I would like to know how to deduce the following facts. 
1) How do we know that as a topological space $Z$ is $f^{-1}(y)$?
2) Take any $t \in f^{-1}(y)$. Is it always the case that $O_{Z, t} = O_{X, t}$? 
Thank you! 
 A: As a first step, reduce to the affine case. To start, we may assume $Y$ is affine: factoring $i_y$ as the composition of $\operatorname{Spec} k \to \operatorname{Spec} B\to Y$ we see that the fiber product of $i_y$ and $f$ is the same as the fiber product of $i_y':\operatorname{Spec} k\to \operatorname{Spec} B$ and $\overline{f}:X_{\operatorname{Spec} B} \to \operatorname{Spec} B$. Next, we can cover $X$ by open affines with open immersions $i_A:\operatorname{Spec} A\to Y$. As open immersions are stable under base change, we get that the morphism $\operatorname{Spec} A\times_Y \{y\}\to X_y$ is also an open immersion, and the schemes $\operatorname{Spec} A\times_Y y$ cover $X_y$. So it's enough to understand the affine situation.
In the affine case, our map $X\to Y$ can be represented as a ring map $f: B\to A$ where a point $\mathfrak{p}\in X$ maps to a point $f^{-1}(\mathfrak{p})\in Y$. Let $\mathfrak{q}$ be the prime ideal associated to the point $y$. We will proceed to compute the fiber product by intermediate steps (recalling that for a fiber diagram of affine schemes $\operatorname{Spec} R\to \operatorname{Spec} S$ and $\operatorname{Spec} T\to \operatorname{Spec} S$, the fiber product is the scheme $\operatorname{Spec} R\otimes_S T$ with the obvious natural maps).

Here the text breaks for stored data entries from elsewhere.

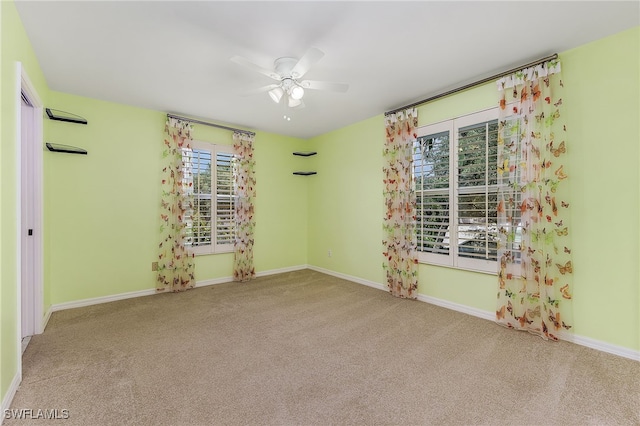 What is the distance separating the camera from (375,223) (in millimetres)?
4152

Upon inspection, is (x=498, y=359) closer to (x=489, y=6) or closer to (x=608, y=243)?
(x=608, y=243)

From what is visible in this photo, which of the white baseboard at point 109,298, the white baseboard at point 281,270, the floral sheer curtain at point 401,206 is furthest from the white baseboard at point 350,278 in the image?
the white baseboard at point 109,298

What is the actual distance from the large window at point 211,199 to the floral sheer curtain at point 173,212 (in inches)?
4.8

Consider the following diagram:
$$
\newcommand{\ra}[1]{\!\!\!\!\!\!\!\!\!\!\!\!\xrightarrow{\quad#1\quad}\!\!\!\!\!\!\!\!}
\newcommand{\da}[1]{\left\downarrow{\scriptstyle#1}\vphantom{\displaystyle\int_0^1}\right.}
%
\begin{array}{ccccc}
Z & \ra{} & X_{\operatorname{Spec} B_\mathfrak{q}} & \ra{} & X=\operatorname{Spec} A \\
\da{} & & \da{} & & \da{} \\
\{y\} & \ra{} & \operatorname{Spec} B_\mathfrak{q} & \ra{} & Y=\operatorname{Spec} B\\
\end{array}
$$
Our first step is to localize both $A$ and $B$ at the ideal $\mathfrak{q}\subset B$. Geometrically, this corresponds to taking the fiber product along the map $\operatorname{Spec} B_\mathfrak{q} \to \operatorname{Spec} B$ in the above diagram. We then identify $X_{\operatorname{Spec} B_\mathfrak{q}} = \operatorname{Spec} A \otimes_B B_\mathfrak{q} = \operatorname{Spec} A_\mathfrak{q}$. We note that by the description of the ideals of $A_\mathfrak{q}$, this preserves the points in the fiber over $y$: prime ideals of the localization $A_\mathfrak{q}$ are exactly those that do not intersect the set we're localizing at, which is equivalent to the preimages of those prime ideals being disjoint from the complement of $\mathfrak{q}$, or equivalently contained in $\mathfrak{q}$.
We are now in the situation of $B_\mathfrak{q} \to A\otimes_B B_\mathfrak{q} := A_\mathfrak{q}$. In order to compute the next fiber product, we recognize the inclusion $\{y\} \to \operatorname{Spec} B_\mathfrak{q}$ as the map $\operatorname{Spec} \kappa(y) = \operatorname{Spec} B_\mathfrak{q}/\mathfrak{q}B_\mathfrak{q} \to \operatorname{Spec} B_\mathfrak{q}$. Therefore $X_y=\operatorname{Spec} A_\mathfrak{q}/\mathfrak{q}A_\mathfrak{q}$, and it remains to identify the prime ideals of this ring. By the correspondence theorem, these are exactly the prime ideals that contain $\mathfrak{q}A_\mathfrak{q}$. But these are precisely the prime ideals who's preimage under the map $B_\mathfrak{q}\to A_\mathfrak{q}$ is exactly $\mathfrak{q}$: that is, the points of $\operatorname{Spec} A_\mathfrak{q}$ which are mapped to $\{y\}$. So this step also preserves the points in the fiber over $y$.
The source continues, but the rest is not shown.